Starring Peter Cushing, Christopher Lee, Yvonne Furneaux, George Pastell
Cinematography Jack Asher
Production Designer Bernard Robinson
Film Editor Alfred Cox, James Needs
Original Music Franz Reizenstein
Written by Jimmy Sangster
Produced by Michael Carreras & Anthony Nelson Keys
Directed by Terence Fisher

Reviewed by Glenn Erickson

Warners has finally released the first of their Hammer holdings on DVD, one of the last of the first wave of British horror films that enjoyed enormous worldwide success in the late '50s. Remembered as the third-rate series of chillers produced by Universal a decade earlier, the theme of a living mummy was revitalized by the creative team at Hammer and remains, with the Karloff original from 1932, the best Mummy movie ever made. Warners has timed their library DVD to land on the shelf right next to the new Universal The Mummy Returns. Even if it does only sell 1/10th the number of units, this is a real movie, not Scooby Doo Meets the CGI Monsters.

Synopsis:

Archeologist John Banning (Peter Cushing) is so intent on staying with his father's expedition to unearth the Egyptian tomb of Ananka that he refuses to have his broken leg properly set. He's therefore unable to assist when his father Stephen (Felix Aylmer) is unaccountably driven mad just as his dream of discovery comes true. Years later back in England, the now-crippled John again fails his asylum-restrained father when he discounts the old man's claims that a living mummy is loose in the world, much to John's later regret. Mehemet Bey, an Egyptian adept of the god Karnak, possesses both the holy scroll of life and the living mummy Kharis (Christopher Lee), and plans to use them to murder the English infidels.

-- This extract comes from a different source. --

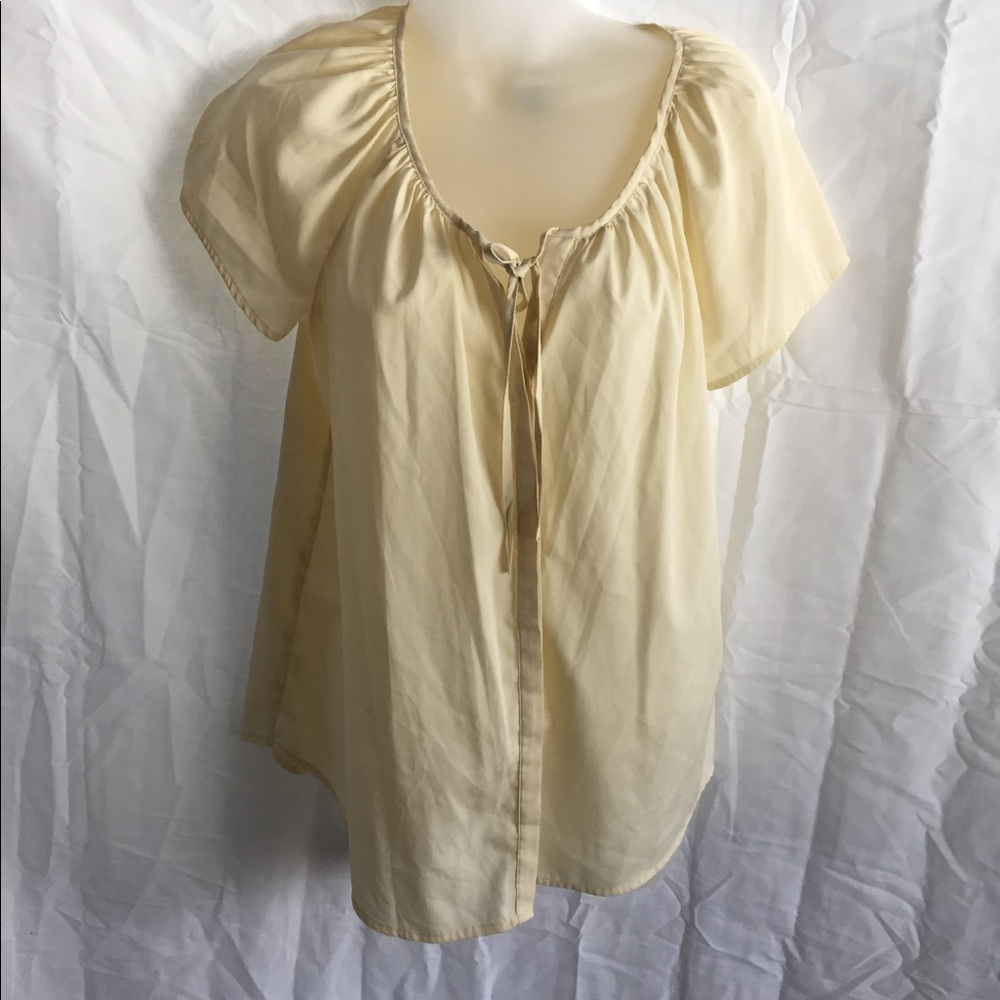 3/$12 Old Navy Blouse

Hammer's The Mummy is a superior horror entry second only to the company's superlative Horror of Dracula. Jimmy Sangster's tight script hews closely to the early Universal series because by this time Hammer was licensing the rights to that studio's originals. The new version retains the Kharis name as well as the flashbacks to ancient times, and the idea of the mummy threat returning to haunt the defilers of his crypt.

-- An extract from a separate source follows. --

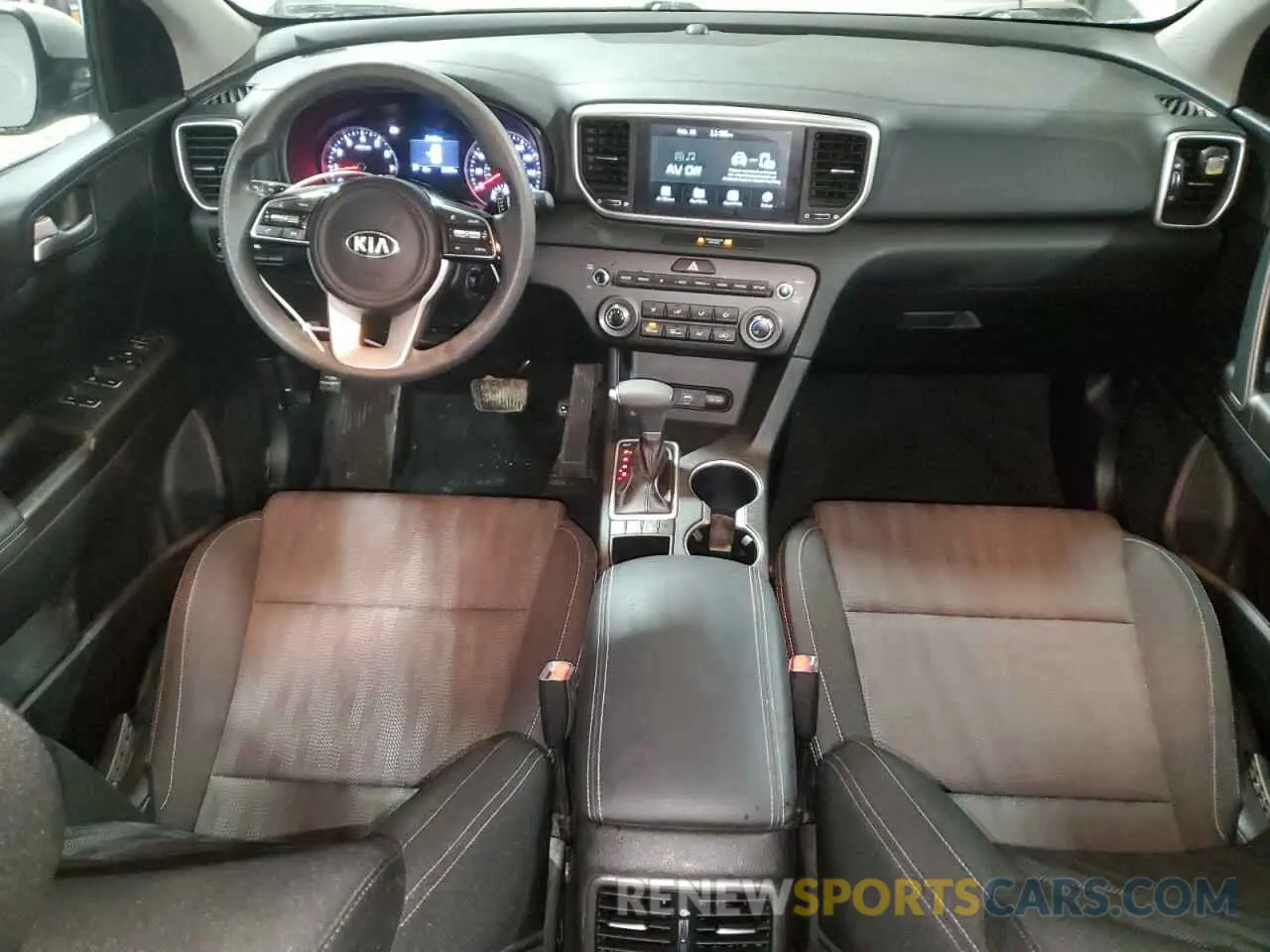 8 fotografías del automóvil dañado KNDPMCAC2L7641319 KIA SPORTAGE 2020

Hammer's prime horror team is in top form, with the inimitable Peter Cushing again playing his crisp, rational scientist and Chris Lee doing wonders with the kind of thankless part that had previously been sloughed off on a cowboy actor (Tom Tyler) or a stuntman who matched Lon Chaney Jr's heft.

This is a beautifully directed movie and one that needs to be seen wide screen to be appreciated. Terence Fisher plays his scenes in masters rich in depth and complexity, directing our interest within the frame rather than constantly cutting. When action does occur the cuts to close-ups are therefore all the more jarring. Several major action moments explode out of these master shots, cleverly contrasting the complacency of the veddy proper Brits with the ferocious primal force they've unleashed. John's advisor Joseph Whemple (Raymond Huntley) is strolling to the stairs when the doors behind him suddenly smash in. The shot holds as the mummy strides forward out of the depth of the frame to attack Whemple in medium closeup. The direction uses no buildup and neither does it telegraph the attack with music -- we're instead assaulted with sudden violence.

Lon Chaney's Kharis devolved into the most foolish of the Hollywood monsters because of his essential harmlessness. Shambling along on one bad foot and closing on his prey with all the menace of a turtle, Universal's Mummy became a joke the moment he ceased to be a credible threat. With his killings governed by a mad priest (George Zucco, John Carradine) and programmed with the burning of Tana leaves (yawn), the series quickly became tired.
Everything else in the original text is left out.